I was looking at socks in my local Morrison’s last night. Clearly, I usually spend my Saturday evenings sipping champagne at a succession of sophisticated showbiz parties, before inviting selected members of the Sheffield Hallam University Rugby Team back to my luxury riverside penthouse for a few rounds of naked bed-top wrestling. But champagne and eager, muscular sportsmen can get to be such a drag sometimes, don’t you find? That’s why I chose to spend last night on my own shuffling round a suburban supermarket and looking at socks instead. Er…yeah…when I say ‘chose’…
Anyway, there were four varieties of men’s sock. Firstly, and most expensively, there were Fair Trade socks. Fair Trade is a fine and wonderful thing, and if I had the money I would gladly buy nothing else, but a price well in excess of £1 per sock is a little beyond my present means. Next up were designer socks. Frankly, even the idea of designer socks makes me want to go and bang my head repeatedly against a brick wall.
I can just about understand the reasoning behind designer pants. People might want to make sure the present is nicely wrapped, even (especially?) if the item itself is…er…nothing to…ahem…get hung about. As it were. But socks?
In this case the ‘designer’ element was a flash of neon-bright colour on the heel – yes, that’s right, the part of the sock that is inside your shoe, and that no-one ever sees. And yet there are, clearly, men who will happily pay over the odds for what are, so far as anyone other than themselves is concerned, a pair of bog-standard black socks. Do you begin to understand why head banging seems like a good idea?
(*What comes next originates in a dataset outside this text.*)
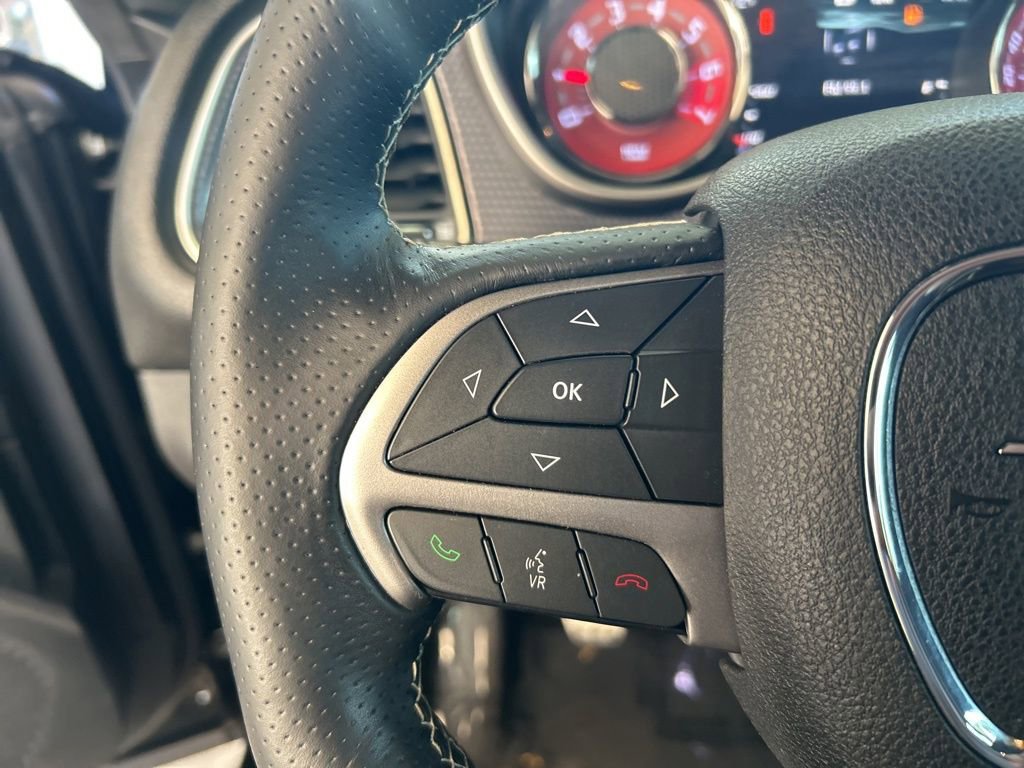 Used 2015 Dodge Challenger SRT Hellcat image 44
The next variety of sock was the default, middle-of-the-road option, and came in that weird diamond pattern you only ever see on old-man socks and golfers’ jumpers. In an effort to make them sound more appealing, these socks were described as being ‘Cotton Rich’. You could almost see the product team congratulating themselves on getting the word ‘Rich’ onto the packaging of a product so bland. It was probably their greatest success since managing to describe baked circles of sweetened chalk-dust as Rich Tea Biscuits. Anyway, being the kind of weird, precision-obsessed bastard I am, I found myself wondering how much cotton constituted ‘Cotton Rich’. According to the label, the socks were 78% cotton.
That seemed perfectly reasonable to me, but then I picked up a pack of especially-for-dole-scrounging-chavscum-like-Aethelread Value socks. As a matter of interest, I checked the label, and found that these socks were also fairly rich in cotton. In fact, these were 80% cotton, making them fractionally more cottony than the officially cotton-rich ones that were almost three times the price.
So, that just goes to show, doesn’t it?